▸ **WORK TO BE COMPLETED**:
Copy only those lines which run from the line containing "Alsoveto Apartment - B&B Kosd" to the end of the entries below, both inclusive, exactly as written and with no pictures.

▸ **THE RECORDS**:
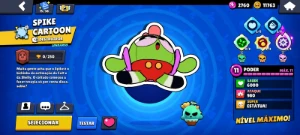 Conta Brawl Star + Conta Lol Unraked - League of Legends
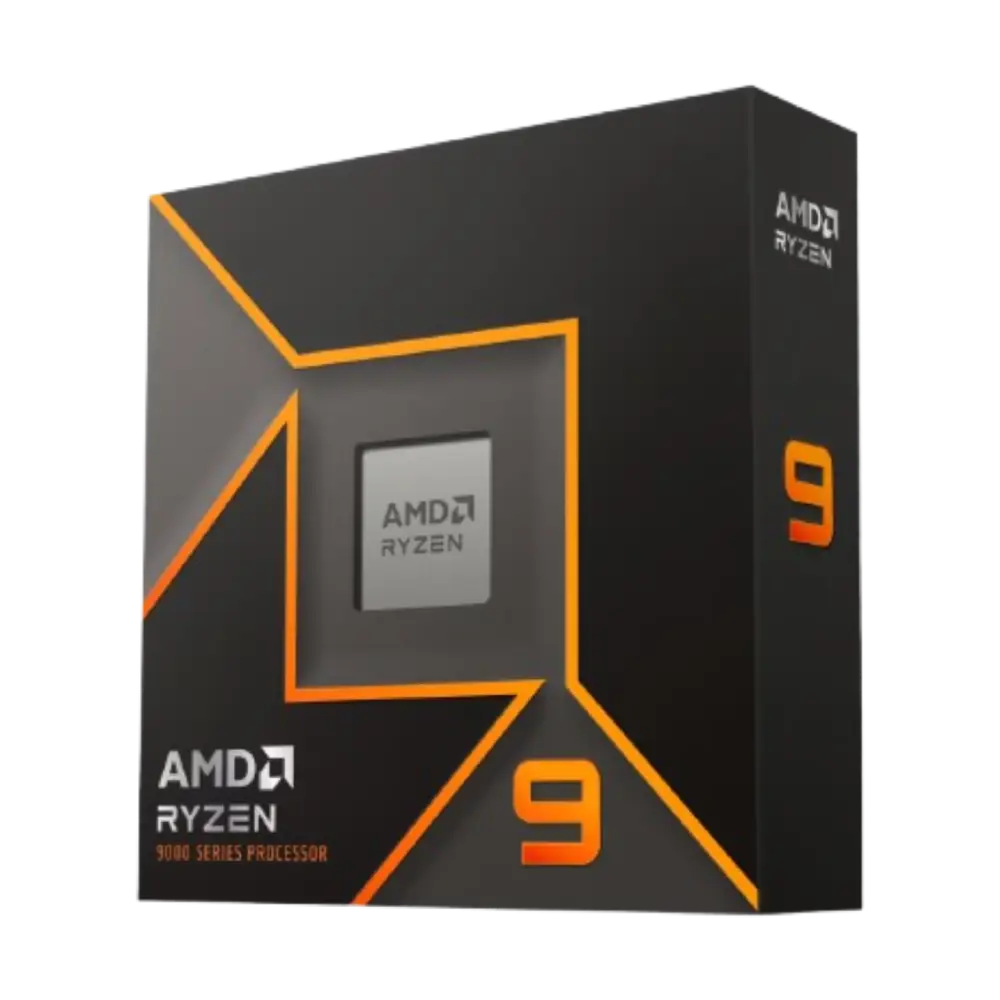 AMD Ryzen 9 9950X in Oman | 4.3GHz AM5 Processor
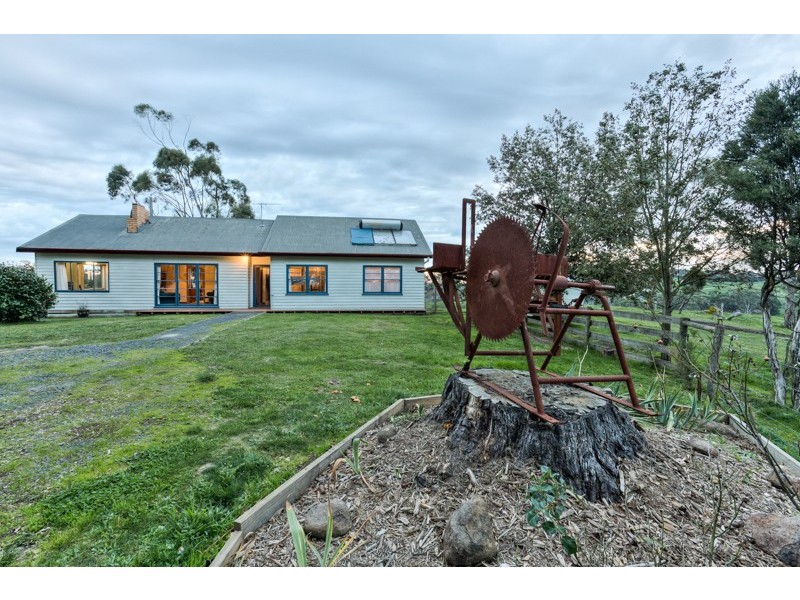 480 Mount Lyall Road, Nyora VIC 3987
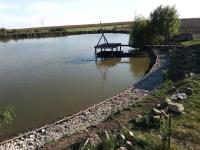 Alsoveto Apartment - B&B Kosd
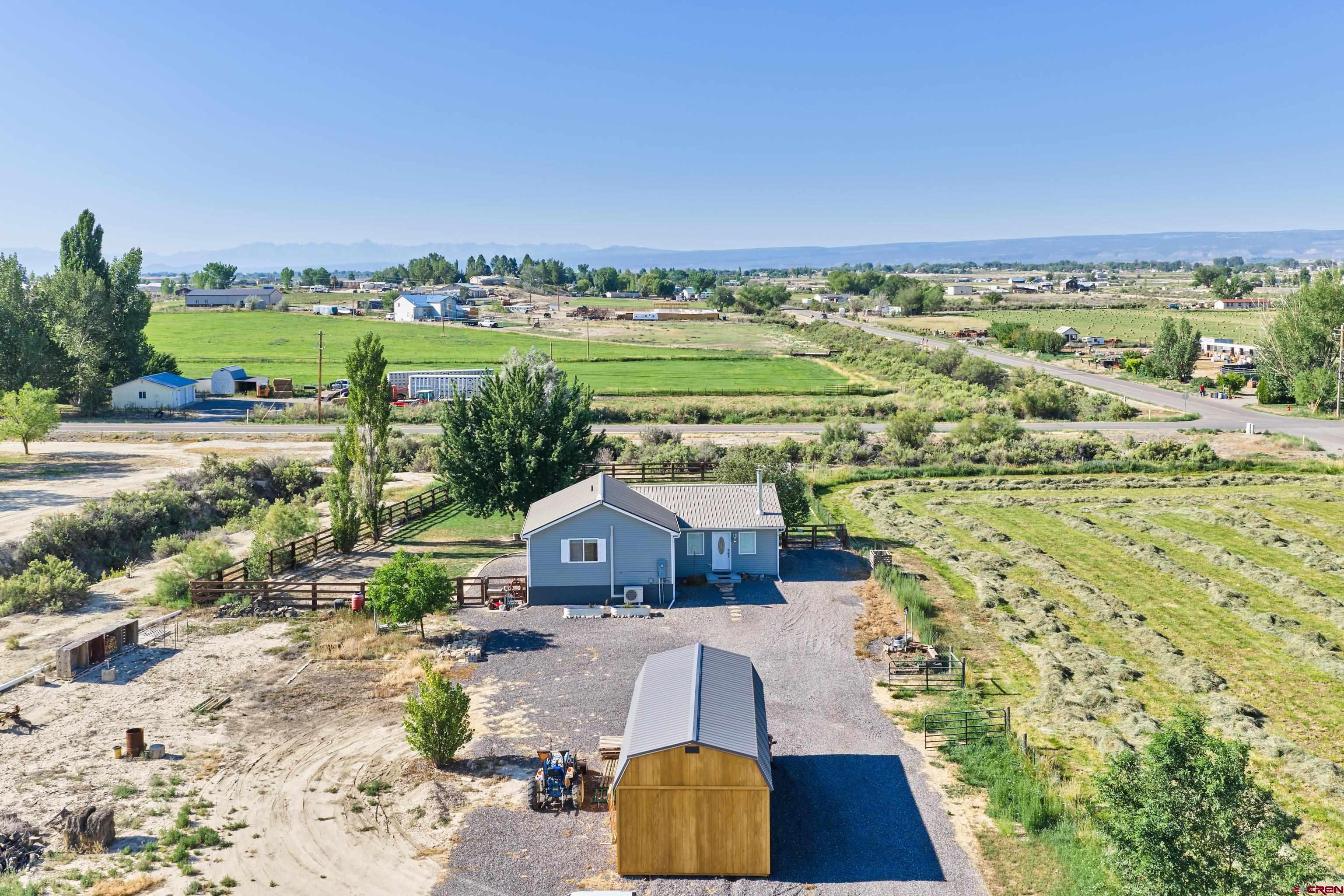 6930 6150th Road Olathe, CO 81425 - Photo 2 of 41 Gallery Image 2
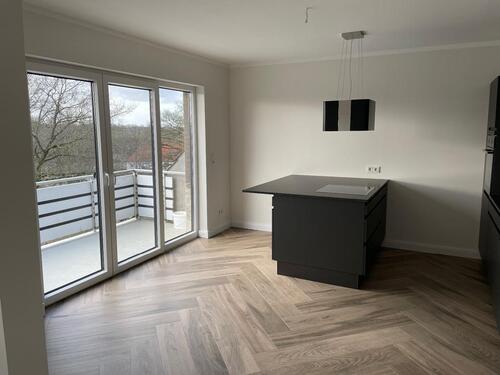 Foto - Etagenwohnung in Ganderkesee zur Miete
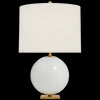 KS3014CREL Kate Spade New York Elsie 1 Light Table Lamp | Main Image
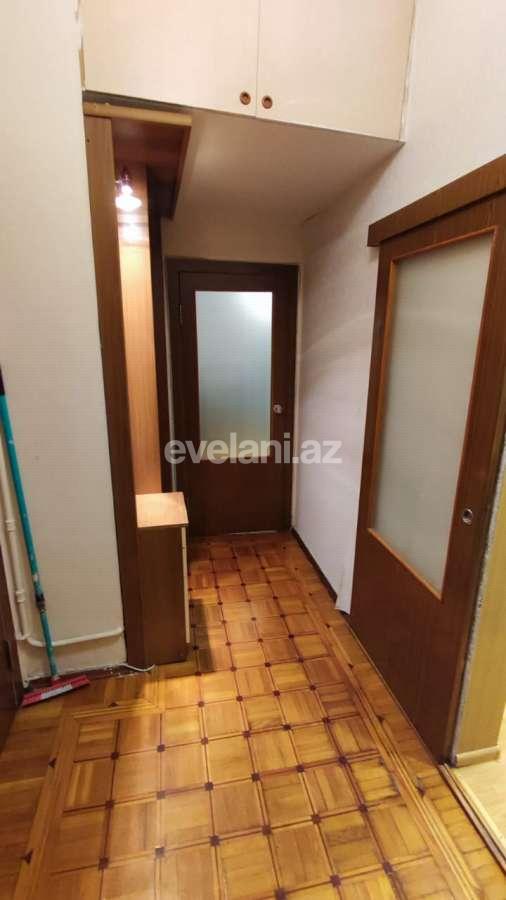 Продаётся, вторичка, 3-комнаты, 60 m², Баку, Насиминский r, 28 мая m.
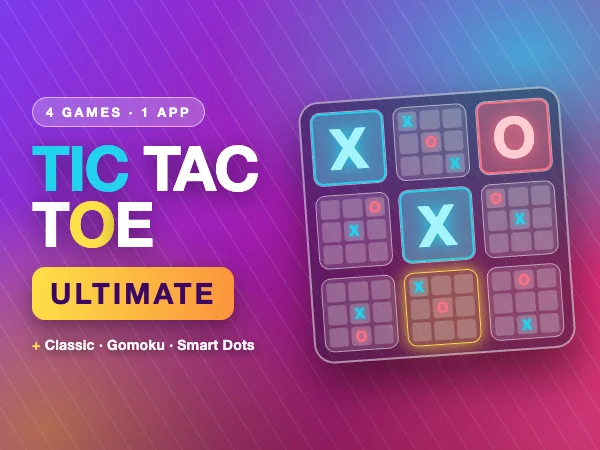 Tic Tac Toe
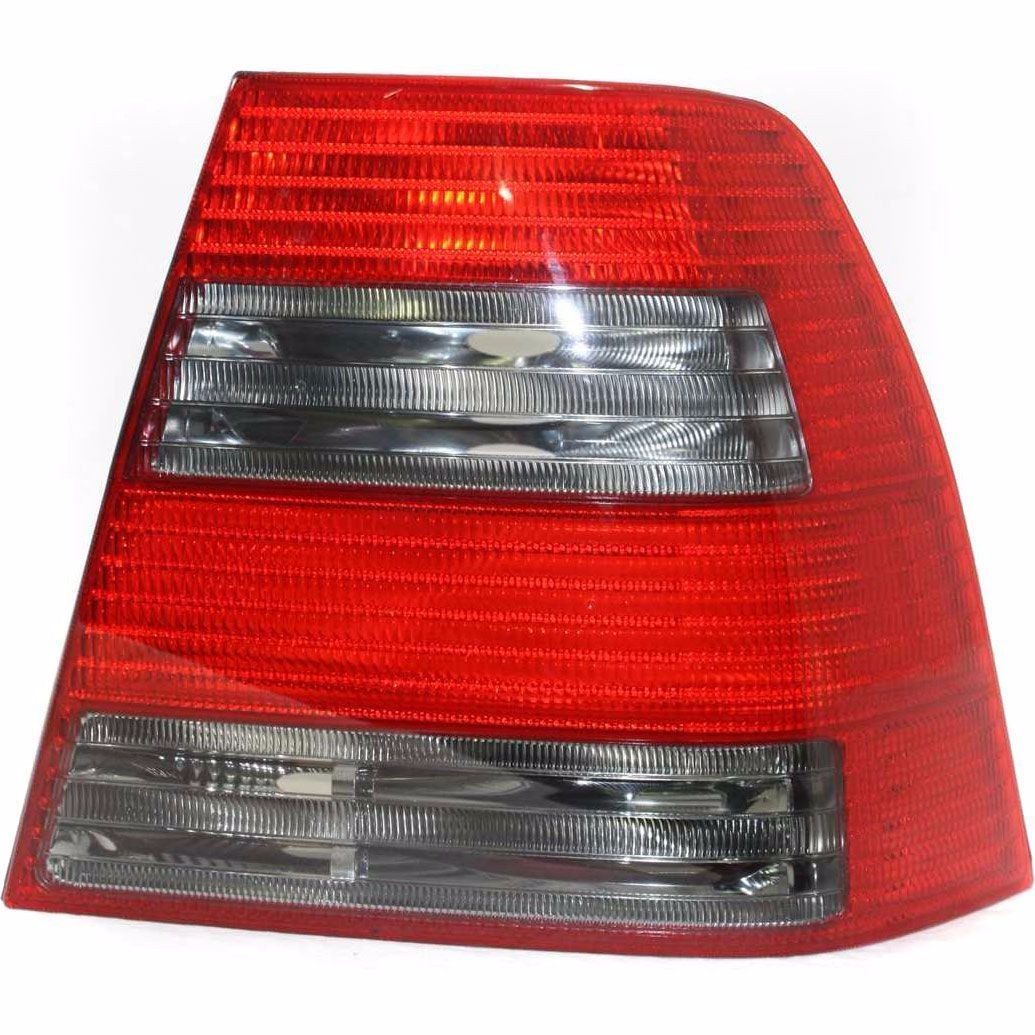 Volkswagen Jetta Gli 2004 - 2005 Calavera Derecha Nueva ...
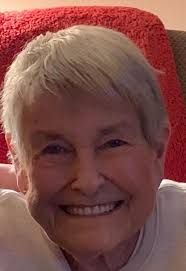 Obituary for Elizabeth "Anne" (Shaw) Ott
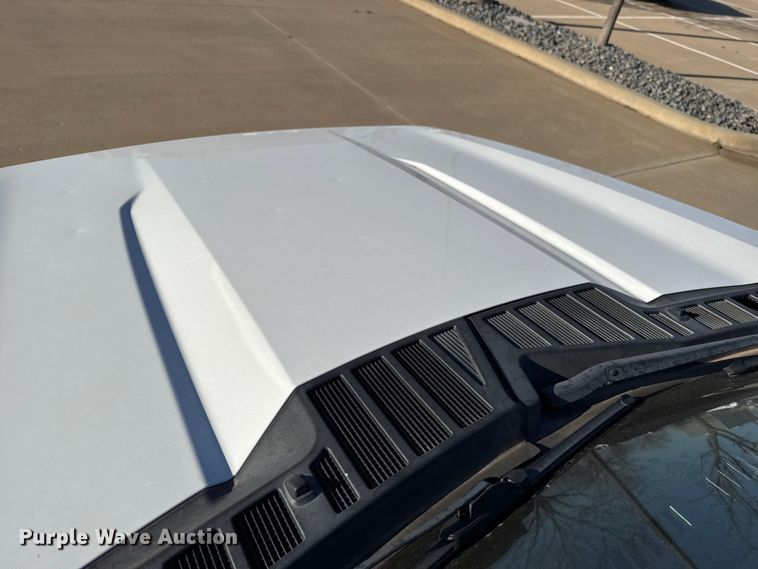 image for item ES5809 2022 Ford F150 Crew Cab pickup truck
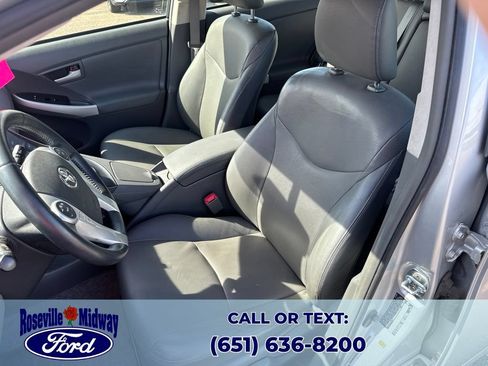 Used 2010 Toyota Prius Two FWD image 21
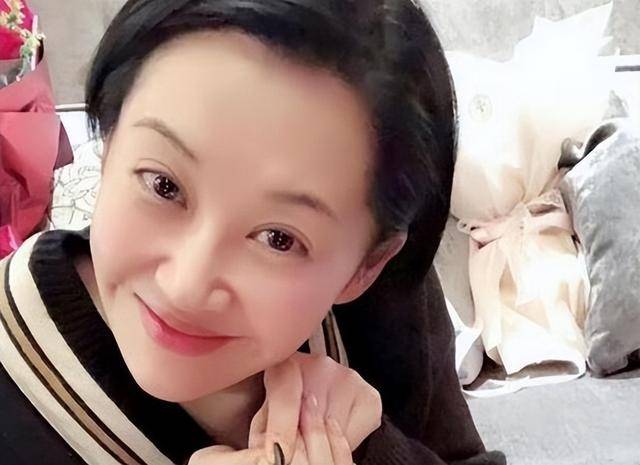 事实证明<strong></p>
<p>币圈平台</strong>，55岁“无人敢娶”的许晴，才是真正的人间清醒！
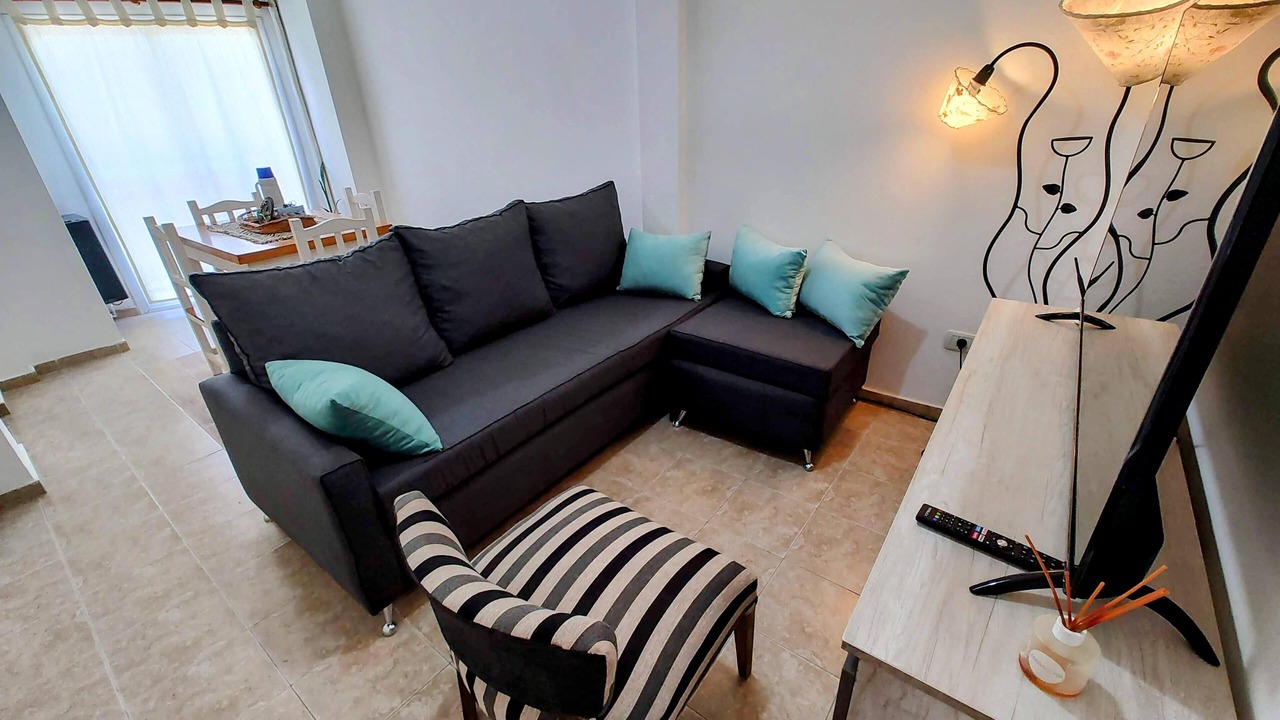 Photo of Livingroom in Bahia Blanca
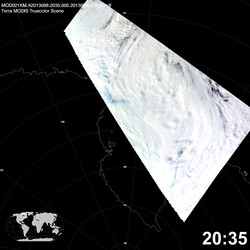 Level 1B Image at: 2035 UTC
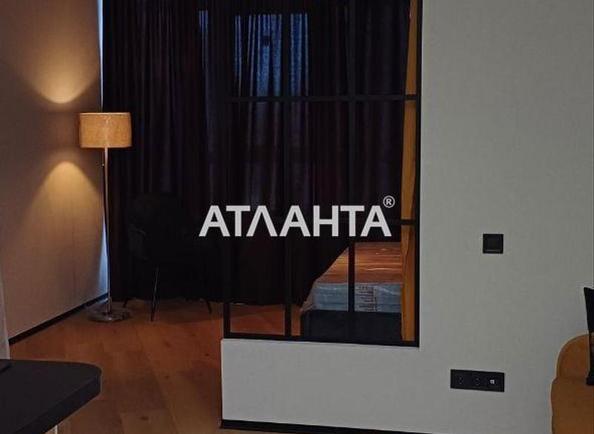 1-room apartment apartment by the address st. Kurortnyy per (area 34,8 m²) - Atlanta.ua - photo 5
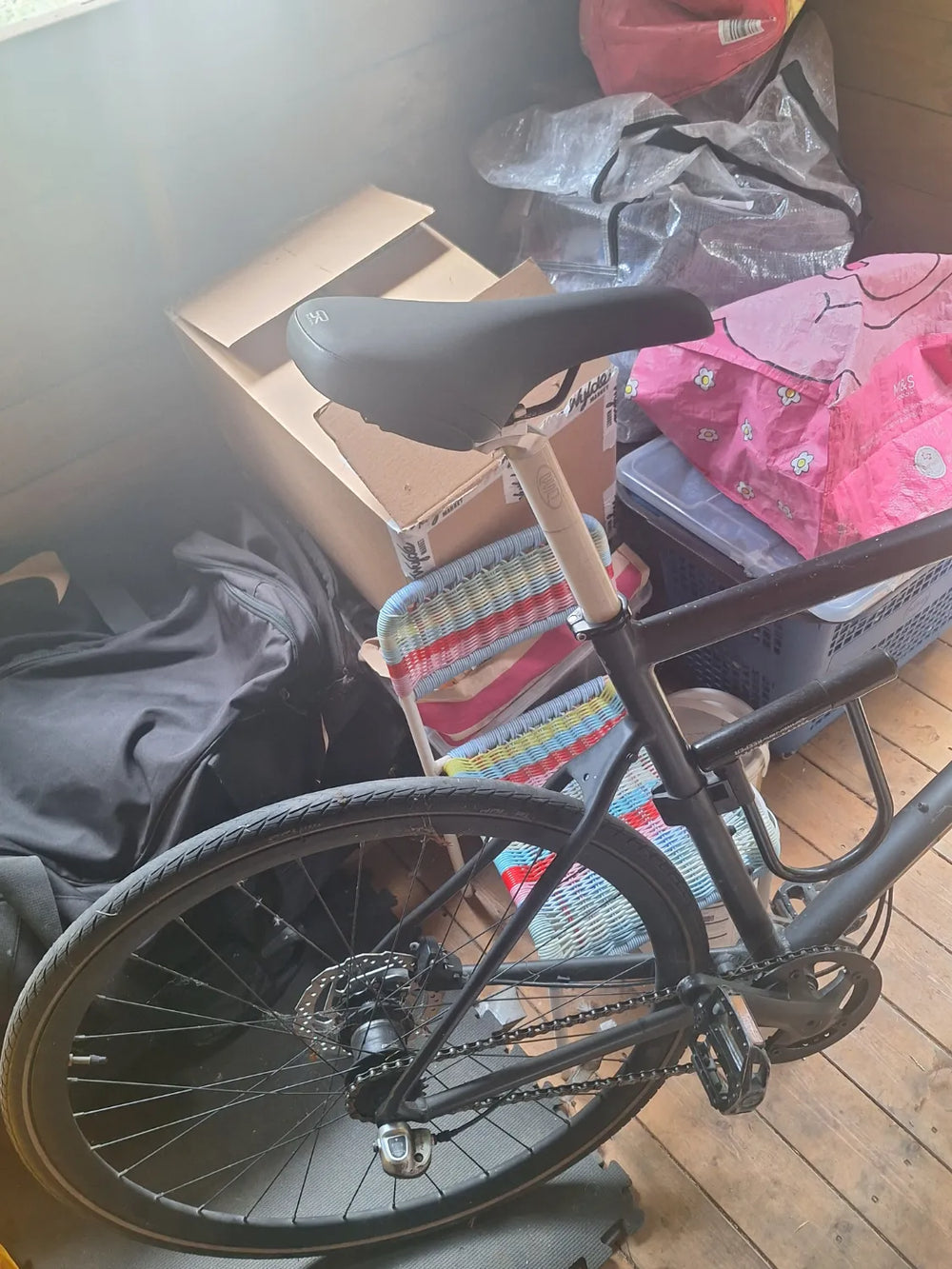 Boardman URB 8.6 2021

▸ **ANSWER**:
 Alsoveto Apartment - B&B Kosd
 6930 6150th Road Olathe, CO 81425 - Photo 2 of 41 Gallery Image 2
 Foto - Etagenwohnung in Ganderkesee zur Miete
 KS3014CREL Kate Spade New York Elsie 1 Light Table Lamp | Main Image
 Продаётся, вторичка, 3-комнаты, 60 m², Баку, Насиминский r, 28 мая m.
 Tic Tac Toe
 Volkswagen Jetta Gli 2004 - 2005 Calavera Derecha Nueva ...
 Obituary for Elizabeth "Anne" (Shaw) Ott
 image for item ES5809 2022 Ford F150 Crew Cab pickup truck
 Used 2010 Toyota Prius Two FWD image 21
 事实证明<strong></p>
<p>币圈平台</strong>，55岁“无人敢娶”的许晴，才是真正的人间清醒！
 Photo of Livingroom in Bahia Blanca
 Level 1B Image at: 2035 UTC
 1-room apartment apartment by the address st. Kurortnyy per (area 34,8 m²) - Atlanta.ua - photo 5
 Boardman URB 8.6 2021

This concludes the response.